Travis 216, which wire was the culprit? I just ran into the same exact problem tonight. Everything up front checked out and I was stumped. Thanks,
Bjorn


----------



## dieselss (Jan 3, 2008)

The controller connector inside the trk


----------



## kimber750 (Sep 19, 2011)

dieselss;1854185 said:


> Ck your s3 coil, valve. Ck for power when the joystick is presses in up or right.





mrv8outboard;1855606 said:


> Most likely the 3 pin harness right behind the molded plug you will find a broken wire.





Travis_216;1856490 said:


> Thanks for all of the replies. Me and my buddy figured out after it was the connecter for the controller in the cab of my truck.


bjorn, These are all the things you need to check. Included cleaning the 3 pin connector at the bumper. Test light on S3 coil will tell if it is a wiring or valve problem.


----------



## Travis_216 (May 16, 2013)

bjorn123;1856761 said:


> Travis 216, which wire was the culprit? I just ran into the same exact problem tonight. Everything up front checked out and I was stumped. Thanks,
> Bjorn


Bjorn,

I'm not 100 percent sure which wire was to be honest. I'm replacing the connector itself because it seems like a bad connection in that.


----------



## Sealer People (Nov 16, 2008)

Im having the same problem today as I just hooked up & the plow only moved to the right. 
Even with the joystick pressing left and in the up position, the plow only moved to the right. 
Its stuck there now.

I lifted the plow & tightened the chain to keep it up in order to bring it in, but any other suggestions would be appreciated.


----------



## dieselss (Jan 3, 2008)

Test light time.


----------



## Sealer People (Nov 16, 2008)

I just used the test light. 

my unit has 3 connectors / plugs. 

The lighting has an issue where only one of the plow lights work. 

The 2nd plug with 2 large prongs sticking out gives me no light up at the connection side when using the tester light. 

& the 3rd three pronged plug only gives me light at one of the little prongs.(top one)

I hear the noise when trying to move the lever but no movement at all.


----------



## kimber750 (Sep 19, 2011)

Sealer People;1860318 said:


> I just used the test light.
> 
> my unit has 3 connectors / plugs.
> 
> ...


So you got one plow light and only right movement with plow? Turn signals or park lights work? Right only is an odd problem for fisher. Means S2 is stuck and and S3 isn't working which is unlikely. I would guess possibly a control issue. Can you try a friends controller?
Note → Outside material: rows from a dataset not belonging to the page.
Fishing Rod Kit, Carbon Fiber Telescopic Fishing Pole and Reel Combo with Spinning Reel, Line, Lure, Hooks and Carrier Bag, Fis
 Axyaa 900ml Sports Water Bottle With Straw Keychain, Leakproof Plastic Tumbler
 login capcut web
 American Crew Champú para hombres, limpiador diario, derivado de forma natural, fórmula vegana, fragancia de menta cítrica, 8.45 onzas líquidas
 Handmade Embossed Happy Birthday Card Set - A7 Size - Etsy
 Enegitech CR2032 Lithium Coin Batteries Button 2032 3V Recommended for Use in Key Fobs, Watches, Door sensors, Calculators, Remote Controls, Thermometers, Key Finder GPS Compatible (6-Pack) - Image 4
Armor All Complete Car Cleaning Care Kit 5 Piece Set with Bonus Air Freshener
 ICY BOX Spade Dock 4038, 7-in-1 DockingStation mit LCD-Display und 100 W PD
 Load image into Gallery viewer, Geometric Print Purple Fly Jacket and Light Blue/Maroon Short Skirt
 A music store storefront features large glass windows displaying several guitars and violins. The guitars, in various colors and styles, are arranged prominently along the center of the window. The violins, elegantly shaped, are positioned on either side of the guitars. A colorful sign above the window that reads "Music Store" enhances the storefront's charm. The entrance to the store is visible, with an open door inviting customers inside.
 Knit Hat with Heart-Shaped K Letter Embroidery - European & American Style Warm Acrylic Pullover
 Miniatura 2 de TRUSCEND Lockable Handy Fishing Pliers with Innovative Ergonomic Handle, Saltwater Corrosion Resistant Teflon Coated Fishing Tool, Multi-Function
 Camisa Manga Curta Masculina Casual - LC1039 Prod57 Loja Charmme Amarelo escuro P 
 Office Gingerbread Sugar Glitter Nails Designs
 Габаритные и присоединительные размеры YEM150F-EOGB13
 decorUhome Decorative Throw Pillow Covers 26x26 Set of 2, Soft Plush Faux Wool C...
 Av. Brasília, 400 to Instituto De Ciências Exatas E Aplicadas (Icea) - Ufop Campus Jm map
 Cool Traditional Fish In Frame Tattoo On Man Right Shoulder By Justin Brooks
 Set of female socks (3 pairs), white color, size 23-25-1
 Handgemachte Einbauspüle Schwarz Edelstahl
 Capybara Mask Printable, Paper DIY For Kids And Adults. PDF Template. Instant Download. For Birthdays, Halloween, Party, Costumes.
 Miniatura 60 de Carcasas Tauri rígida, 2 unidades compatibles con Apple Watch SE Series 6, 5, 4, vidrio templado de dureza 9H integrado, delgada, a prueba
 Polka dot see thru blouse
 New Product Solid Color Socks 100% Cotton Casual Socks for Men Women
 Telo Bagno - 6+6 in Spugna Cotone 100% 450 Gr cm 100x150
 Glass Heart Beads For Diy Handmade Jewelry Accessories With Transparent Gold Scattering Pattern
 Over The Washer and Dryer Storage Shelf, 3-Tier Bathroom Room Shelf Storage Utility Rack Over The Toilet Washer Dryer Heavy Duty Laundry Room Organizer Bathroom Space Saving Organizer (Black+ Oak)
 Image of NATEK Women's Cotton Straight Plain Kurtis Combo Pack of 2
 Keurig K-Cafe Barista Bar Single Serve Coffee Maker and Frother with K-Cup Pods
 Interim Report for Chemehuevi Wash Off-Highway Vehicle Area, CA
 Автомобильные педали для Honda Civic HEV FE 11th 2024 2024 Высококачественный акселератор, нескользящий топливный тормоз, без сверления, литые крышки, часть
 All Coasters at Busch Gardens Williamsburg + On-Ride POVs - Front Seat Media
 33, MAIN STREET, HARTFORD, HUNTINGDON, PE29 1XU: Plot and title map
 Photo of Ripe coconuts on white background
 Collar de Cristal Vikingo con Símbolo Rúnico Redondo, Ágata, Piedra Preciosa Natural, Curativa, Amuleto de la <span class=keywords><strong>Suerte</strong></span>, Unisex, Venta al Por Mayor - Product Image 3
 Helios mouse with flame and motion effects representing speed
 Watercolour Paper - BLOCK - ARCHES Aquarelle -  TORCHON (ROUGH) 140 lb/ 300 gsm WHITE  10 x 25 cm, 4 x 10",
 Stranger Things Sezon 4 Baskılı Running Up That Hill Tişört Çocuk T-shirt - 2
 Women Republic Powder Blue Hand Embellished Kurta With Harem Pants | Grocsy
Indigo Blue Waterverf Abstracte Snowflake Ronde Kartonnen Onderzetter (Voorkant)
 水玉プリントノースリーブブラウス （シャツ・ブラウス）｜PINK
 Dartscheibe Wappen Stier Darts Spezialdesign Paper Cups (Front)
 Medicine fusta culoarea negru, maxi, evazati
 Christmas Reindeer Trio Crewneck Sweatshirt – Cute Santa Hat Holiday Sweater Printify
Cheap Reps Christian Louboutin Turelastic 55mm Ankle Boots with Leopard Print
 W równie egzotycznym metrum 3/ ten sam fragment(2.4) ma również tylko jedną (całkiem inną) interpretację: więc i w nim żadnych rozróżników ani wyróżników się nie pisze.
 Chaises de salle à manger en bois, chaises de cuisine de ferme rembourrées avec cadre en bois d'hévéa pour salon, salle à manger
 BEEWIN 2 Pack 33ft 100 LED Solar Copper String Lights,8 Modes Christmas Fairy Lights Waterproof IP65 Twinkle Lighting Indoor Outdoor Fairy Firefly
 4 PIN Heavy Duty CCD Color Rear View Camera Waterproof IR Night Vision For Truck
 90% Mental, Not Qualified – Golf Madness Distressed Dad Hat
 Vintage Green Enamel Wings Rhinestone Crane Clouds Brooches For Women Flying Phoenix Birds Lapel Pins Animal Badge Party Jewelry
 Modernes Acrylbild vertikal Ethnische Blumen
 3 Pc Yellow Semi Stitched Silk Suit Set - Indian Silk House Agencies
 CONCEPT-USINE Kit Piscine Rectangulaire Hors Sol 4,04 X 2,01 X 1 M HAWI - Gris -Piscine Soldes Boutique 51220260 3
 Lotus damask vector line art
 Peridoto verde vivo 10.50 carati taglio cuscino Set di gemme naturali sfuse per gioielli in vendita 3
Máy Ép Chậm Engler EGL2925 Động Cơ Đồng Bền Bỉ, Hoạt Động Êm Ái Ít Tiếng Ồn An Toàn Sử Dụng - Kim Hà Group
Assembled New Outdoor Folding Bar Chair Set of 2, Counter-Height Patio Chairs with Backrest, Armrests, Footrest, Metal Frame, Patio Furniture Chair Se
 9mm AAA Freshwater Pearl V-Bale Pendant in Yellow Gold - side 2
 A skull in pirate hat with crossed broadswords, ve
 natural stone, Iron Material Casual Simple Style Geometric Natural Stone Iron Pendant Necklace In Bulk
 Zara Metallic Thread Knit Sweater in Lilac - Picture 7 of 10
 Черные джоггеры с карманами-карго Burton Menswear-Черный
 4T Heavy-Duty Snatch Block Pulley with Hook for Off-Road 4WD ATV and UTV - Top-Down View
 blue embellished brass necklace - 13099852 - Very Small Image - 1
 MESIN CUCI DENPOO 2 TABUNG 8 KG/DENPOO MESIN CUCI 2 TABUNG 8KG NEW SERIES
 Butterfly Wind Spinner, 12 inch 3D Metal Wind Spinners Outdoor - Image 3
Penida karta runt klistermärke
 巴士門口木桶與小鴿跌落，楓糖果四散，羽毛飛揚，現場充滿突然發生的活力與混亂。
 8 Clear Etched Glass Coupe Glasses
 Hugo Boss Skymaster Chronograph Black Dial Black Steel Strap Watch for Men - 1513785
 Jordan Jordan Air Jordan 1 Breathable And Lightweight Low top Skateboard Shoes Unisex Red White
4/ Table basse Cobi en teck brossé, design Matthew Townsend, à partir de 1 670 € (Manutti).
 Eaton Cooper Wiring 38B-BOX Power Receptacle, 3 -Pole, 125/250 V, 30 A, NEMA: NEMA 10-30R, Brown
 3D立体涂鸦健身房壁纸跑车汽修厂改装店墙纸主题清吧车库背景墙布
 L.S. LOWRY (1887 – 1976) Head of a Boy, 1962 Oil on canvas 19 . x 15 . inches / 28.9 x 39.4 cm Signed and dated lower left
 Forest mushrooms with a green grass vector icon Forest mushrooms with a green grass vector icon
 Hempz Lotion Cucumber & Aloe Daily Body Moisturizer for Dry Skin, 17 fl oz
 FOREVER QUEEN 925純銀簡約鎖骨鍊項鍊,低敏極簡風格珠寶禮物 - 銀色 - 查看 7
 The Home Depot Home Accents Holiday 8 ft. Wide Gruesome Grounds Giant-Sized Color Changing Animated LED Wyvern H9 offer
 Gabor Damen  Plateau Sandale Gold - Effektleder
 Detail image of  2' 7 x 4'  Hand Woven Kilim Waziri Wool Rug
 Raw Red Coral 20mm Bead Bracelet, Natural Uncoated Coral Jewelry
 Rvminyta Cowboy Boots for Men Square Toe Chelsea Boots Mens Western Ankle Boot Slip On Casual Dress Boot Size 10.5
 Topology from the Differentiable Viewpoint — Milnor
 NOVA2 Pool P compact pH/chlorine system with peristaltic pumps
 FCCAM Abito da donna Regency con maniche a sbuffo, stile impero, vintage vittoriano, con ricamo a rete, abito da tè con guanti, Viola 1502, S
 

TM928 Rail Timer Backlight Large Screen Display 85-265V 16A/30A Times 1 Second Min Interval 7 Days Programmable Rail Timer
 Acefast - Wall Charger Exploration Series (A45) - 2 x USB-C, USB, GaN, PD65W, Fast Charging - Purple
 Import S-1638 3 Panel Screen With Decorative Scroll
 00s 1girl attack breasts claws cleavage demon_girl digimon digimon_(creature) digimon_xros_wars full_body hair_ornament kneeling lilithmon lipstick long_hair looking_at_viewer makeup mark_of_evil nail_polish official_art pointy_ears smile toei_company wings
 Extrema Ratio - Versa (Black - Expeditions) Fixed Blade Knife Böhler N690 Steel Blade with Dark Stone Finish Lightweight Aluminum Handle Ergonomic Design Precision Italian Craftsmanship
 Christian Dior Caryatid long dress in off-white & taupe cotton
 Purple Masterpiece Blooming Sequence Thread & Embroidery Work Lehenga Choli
2 prong plug will only have power when trying to move plow. The 3 prong should power different ones depending on what action is being requested. If you only get power at one of the three no matter what action you request, I gotta still go with bad control.


----------



## Sealer People (Nov 16, 2008)

Thanks very much, 
I gotta find someone around here with a controler I can try out.


----------



## kimber750 (Sep 19, 2011)

If nothing works on that one light I would check the ground on the side. If only one function is not working check the bumper connector and bulbs.


----------